The answer should be the records below, word for word, with every image left out.

== Segment start ==

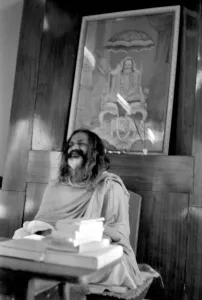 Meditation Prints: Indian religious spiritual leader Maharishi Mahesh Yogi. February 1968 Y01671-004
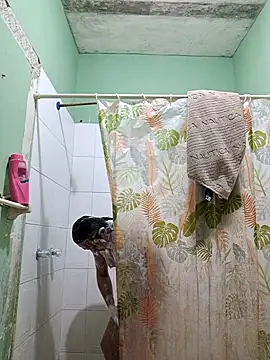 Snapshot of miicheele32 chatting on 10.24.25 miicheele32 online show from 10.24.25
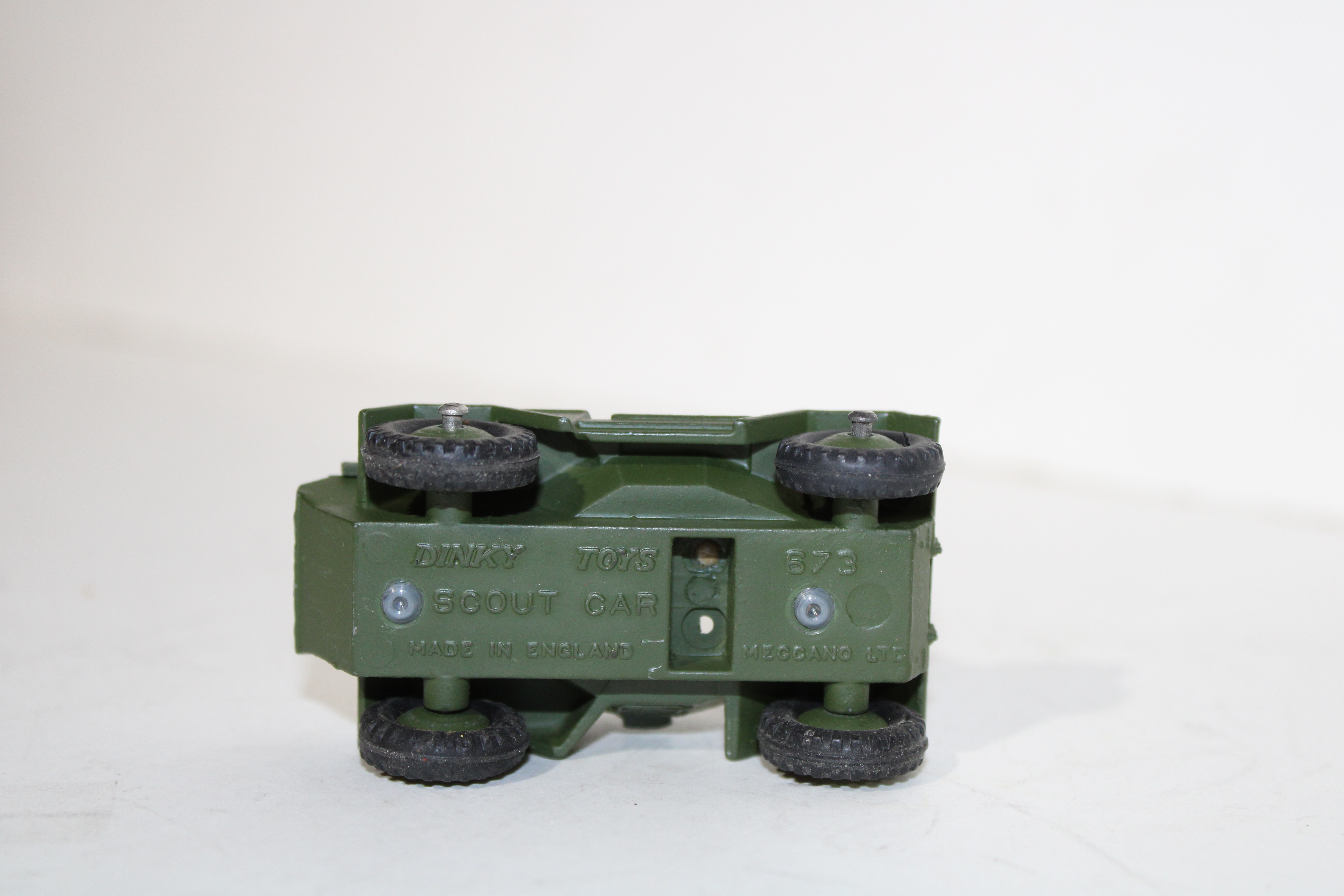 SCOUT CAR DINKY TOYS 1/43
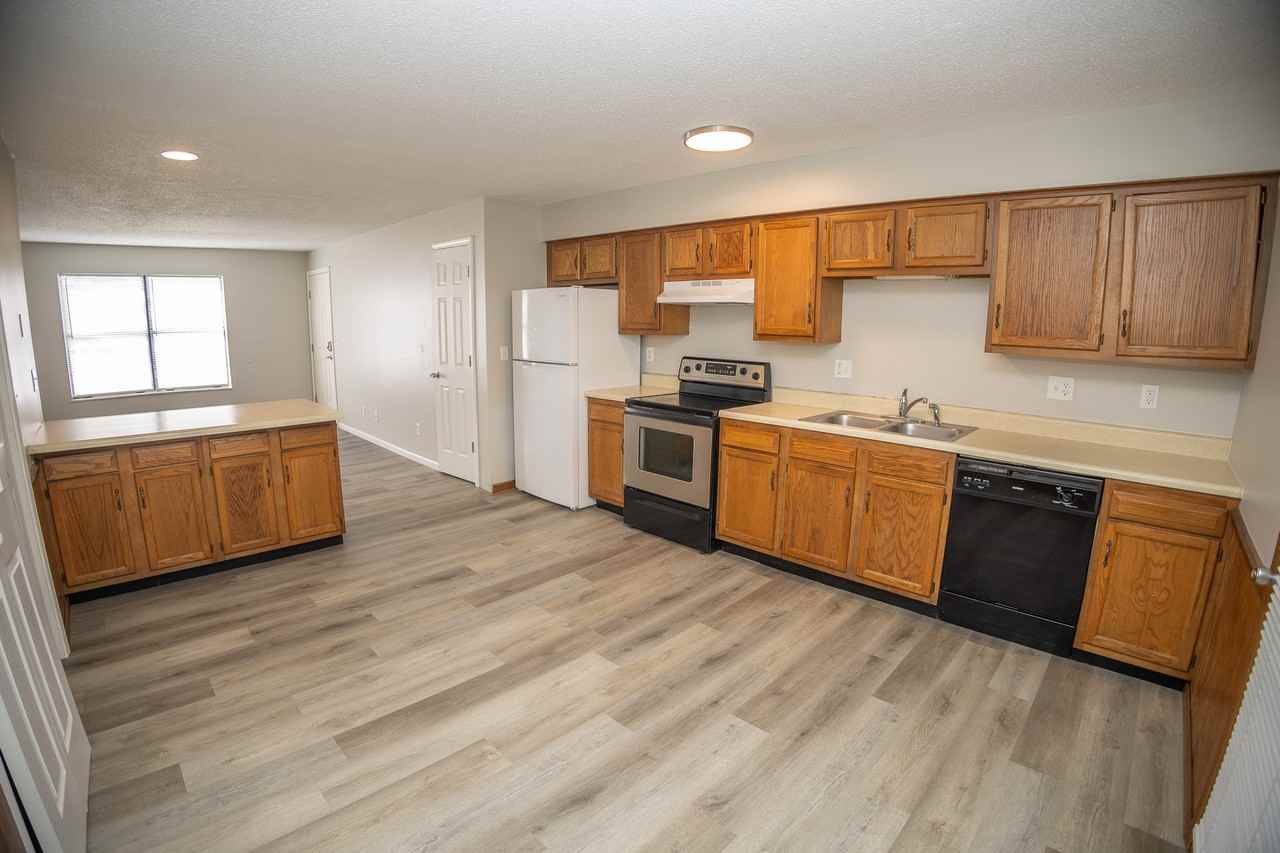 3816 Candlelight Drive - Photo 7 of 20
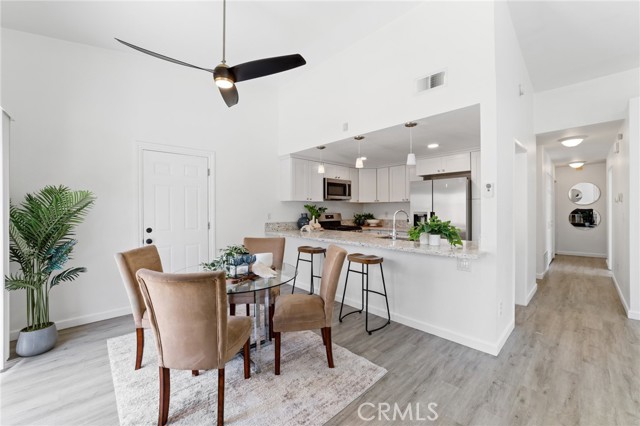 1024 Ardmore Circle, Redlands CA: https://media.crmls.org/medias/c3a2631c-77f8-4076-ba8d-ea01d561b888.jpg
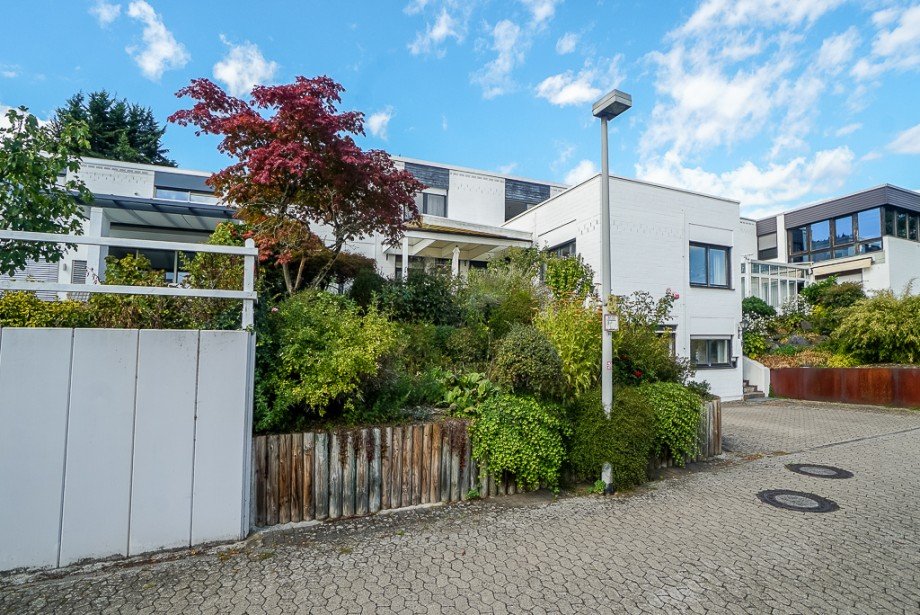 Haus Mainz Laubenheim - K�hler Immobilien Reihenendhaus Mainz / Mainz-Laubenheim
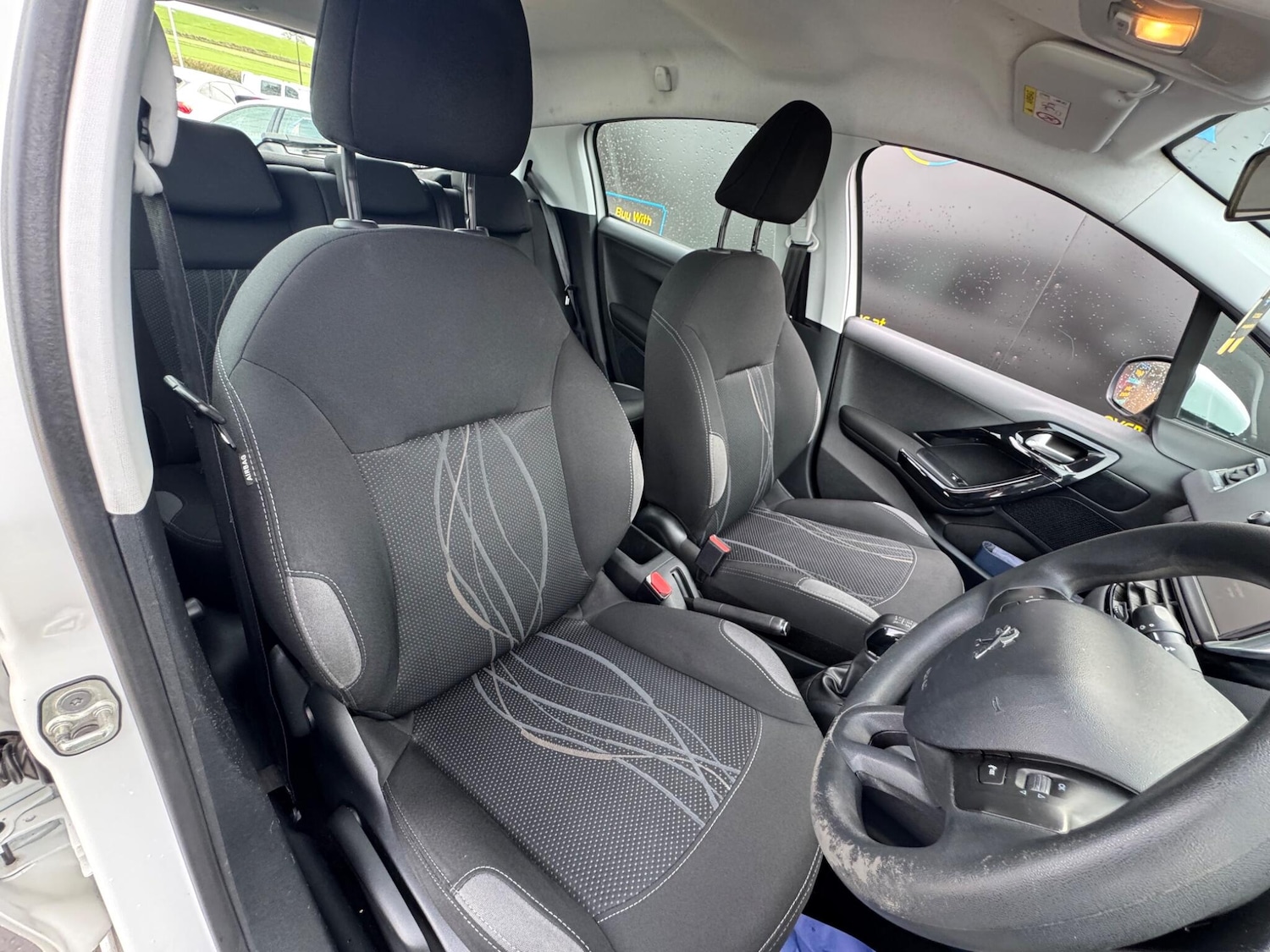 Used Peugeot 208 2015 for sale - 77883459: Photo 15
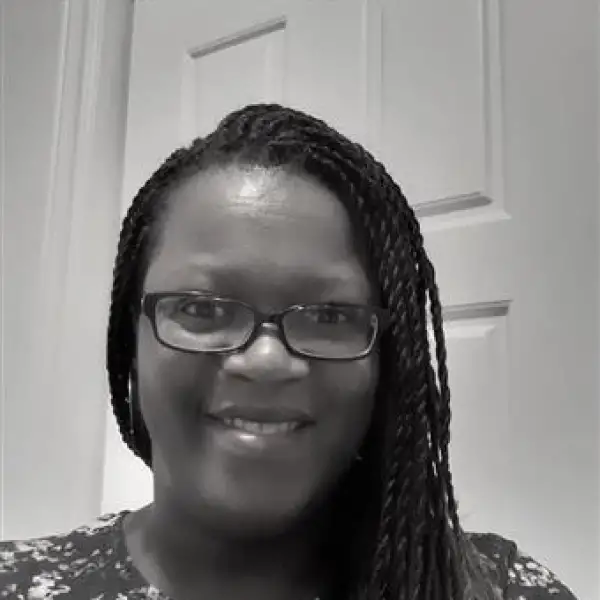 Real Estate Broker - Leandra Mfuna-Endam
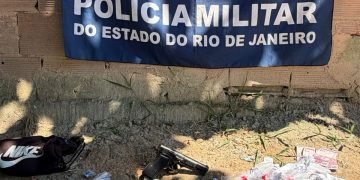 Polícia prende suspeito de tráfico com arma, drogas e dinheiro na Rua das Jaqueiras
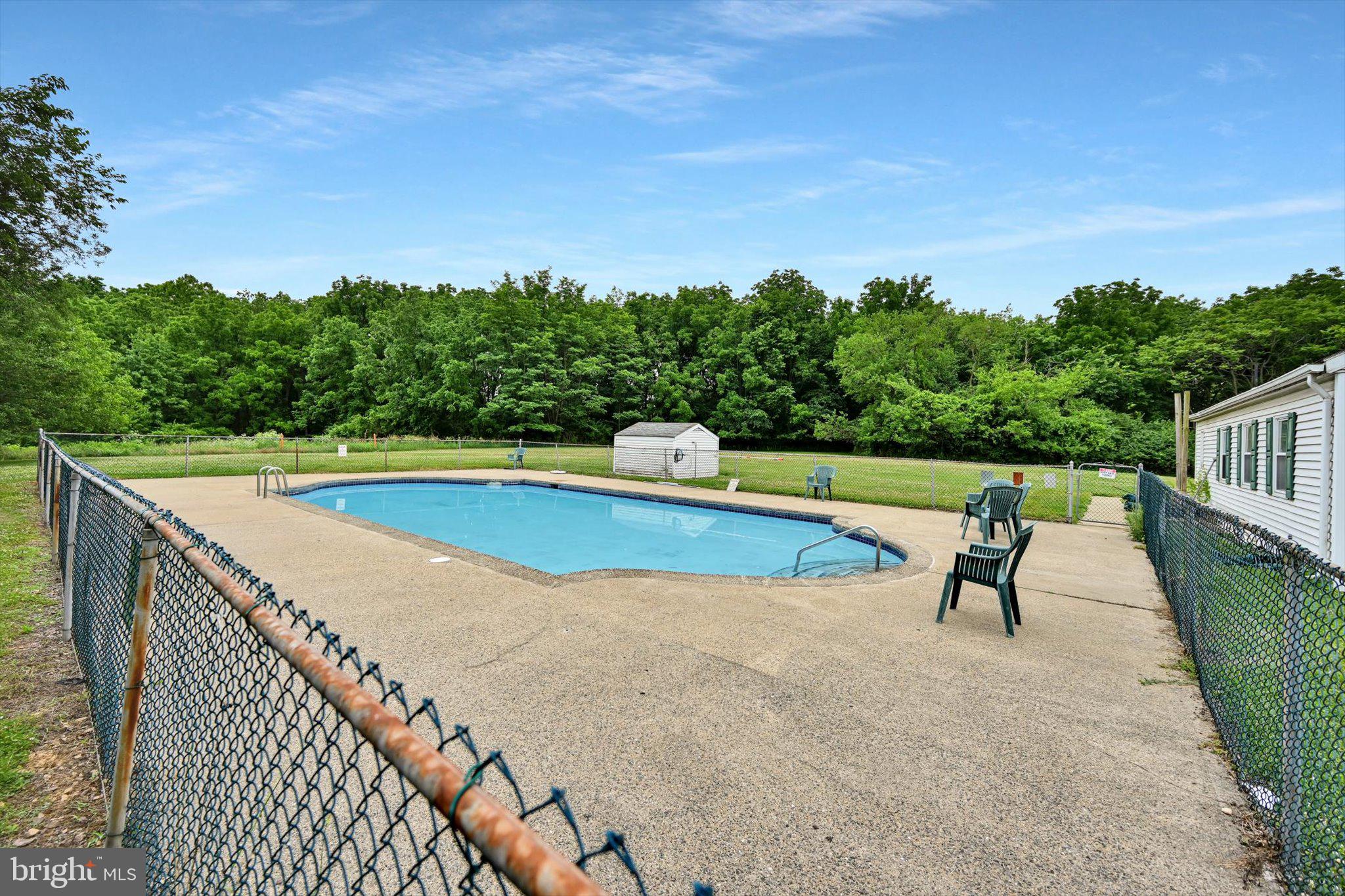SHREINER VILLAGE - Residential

== Segment end ==

» **Answer area**:
 Meditation Prints: Indian religious spiritual leader Maharishi Mahesh Yogi. February 1968 Y01671-004
 Snapshot of miicheele32 chatting on 10.24.25 miicheele32 online show from 10.24.25
 SCOUT CAR DINKY TOYS 1/43
 3816 Candlelight Drive - Photo 7 of 20
 1024 Ardmore Circle, Redlands CA: https://media.crmls.org/medias/c3a2631c-77f8-4076-ba8d-ea01d561b888.jpg
 Haus Mainz Laubenheim - K�hler Immobilien Reihenendhaus Mainz / Mainz-Laubenheim
 Used Peugeot 208 2015 for sale - 77883459: Photo 15
 Real Estate Broker - Leandra Mfuna-Endam
 Polícia prende suspeito de tráfico com arma, drogas e dinheiro na Rua das Jaqueiras
SHREINER VILLAGE - Residential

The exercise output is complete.